Trump a toutefois nié avoir reçu un tel avertissement. 'Non, non. Israël n'a rien présenté', a-t-il déclaré au New York Post. 'Je suis numéro un depuis très longtemps, et c'est la vie.'
Préoccupations de sécurité au sommet de l'OTAN
La menace d'assassinat est apparue dans un contexte de mesures de sécurité renforcées lors du voyage de Trump au sommet de l'OTAN à Ankara, en Turquie. Le président est arrivé lundi soir à bord du nouvel Air Force One, un Boeing 747-8 offert par le Qatar, mais est reparti dans l'avion présidentiel plus ancien sur les conseils des services secrets américains. Des sources ont indiqué au New York Times que le nouvel avion ne dispose pas encore de tous les systèmes de protection installés sur l'ancien modèle. L'armée de l'air américaine a commencé à moderniser le 747 offert l'année dernière, mais on ignore encore où en sont les travaux.
Ils veulent éliminer le dirigeant américain, moi. Je suis sur une sorte de liste. J'ai vu ce matin que je suis sur toutes leurs listes.
Une menace de longue date
L'Iran menace ouvertement Trump depuis la frappe de drone de janvier 2020 qui a tué le général Qassem Soleimani en Irak pendant le premier mandat de Trump. Lors du cortège funèbre du guide suprême Ali Khamenei, tué le 28 février lors du premier jour de l'opération militaire américano-israélienne 'Epic Fury', les personnes en deuil ont brandi des banderoles indiquant 'Nous tuerons Trump' et scandé des slogans appelant à sa mort. Un religieux lors d'une cérémonie commémorative cette semaine a déclaré, selon la presse iranienne : 'Pourquoi ne tuerions-nous pas celui qui a tué mon imam et mon guide ? Tuer Trump est notre devoir.'
- Une frappe de drone américaine tue le général iranien Qassem Soleimani en Irak ; l'Iran jure de se venger de Trump.

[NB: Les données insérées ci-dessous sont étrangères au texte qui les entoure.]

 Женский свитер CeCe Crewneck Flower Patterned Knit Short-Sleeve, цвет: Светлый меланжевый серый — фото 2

- Trump survit à une tentative d'assassinat lors d'un rassemblement à Butler, en Pennsylvanie ; les autorités américaines déjouent ensuite plusieurs complots liés à l'Iran.
- Le guide suprême Ali Khamenei est tué le premier jour de l'opération américano-israélienne 'Epic Fury' ; les foules lors des funérailles scandent la mort de Trump.

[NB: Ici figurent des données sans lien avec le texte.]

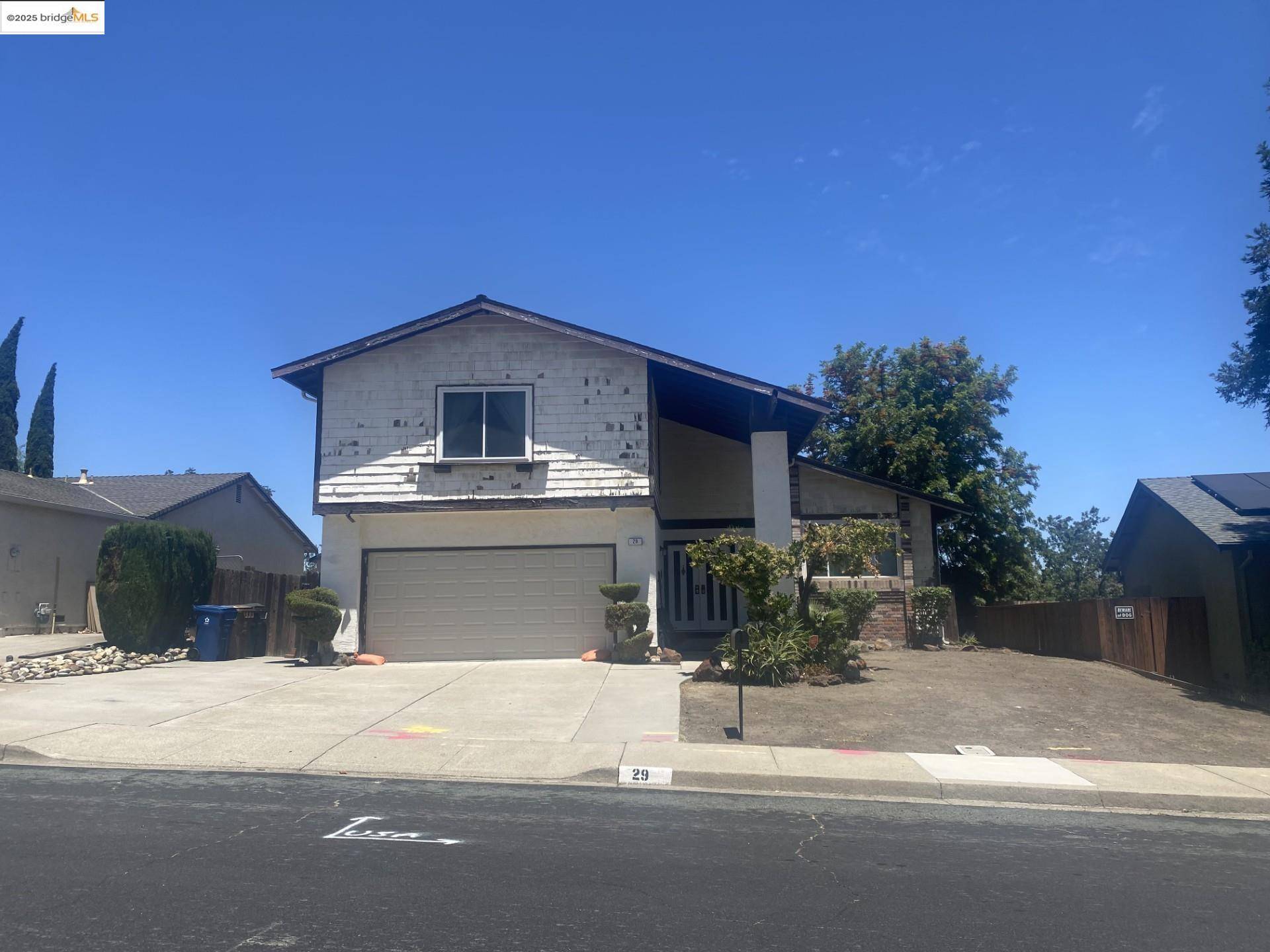 Antioch, CA 94509,29 Palm Beach WAY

- L'Iran attaque trois navires dans le détroit d'Ormuz.
- Trump annule l'accord de cessez-le-feu américano-iranien et le protocole d'accord.
- Trump assiste au sommet de l'OTAN à Ankara ; déclare aux journalistes qu'il est sur 'chacune de leurs listes'.
- Les services de renseignement israéliens auraient averti les États-Unis d'un nouveau complot iranien pour tuer Trump ; Trump déclare au NY Post avoir laissé des instructions de bombardement.
Rupture diplomatique
Cette semaine, après que l'Iran a attaqué trois navires dans le détroit d'Ormuz lundi et mardi, Trump a annulé l'accord de cessez-le-feu entre les États-Unis et l'Iran et a abandonné un protocole d'accord préliminaire. Sur Truth Social, le président a écrit que l'Iran 'nous a demandé de poursuivre les pourparlers. Nous avons accepté, mais les États-Unis leur ont clairement fait comprendre, sans équivoque, que le cessez-le-feu est terminé.' La Maison Blanche n'a pas démenti les informations des services de renseignement israéliens, renvoyant plutôt aux déclarations de Trump à Ankara.
Le chercheur belge Thomas Renard, du Centre international de lutte contre le terrorisme à La Haye, a déclaré au De Morgen que la menace contre Trump est 'très réelle', notant que l'Iran a montré au fil des ans qu'il peut activer divers réseaux pour poursuivre ses objectifs politiques.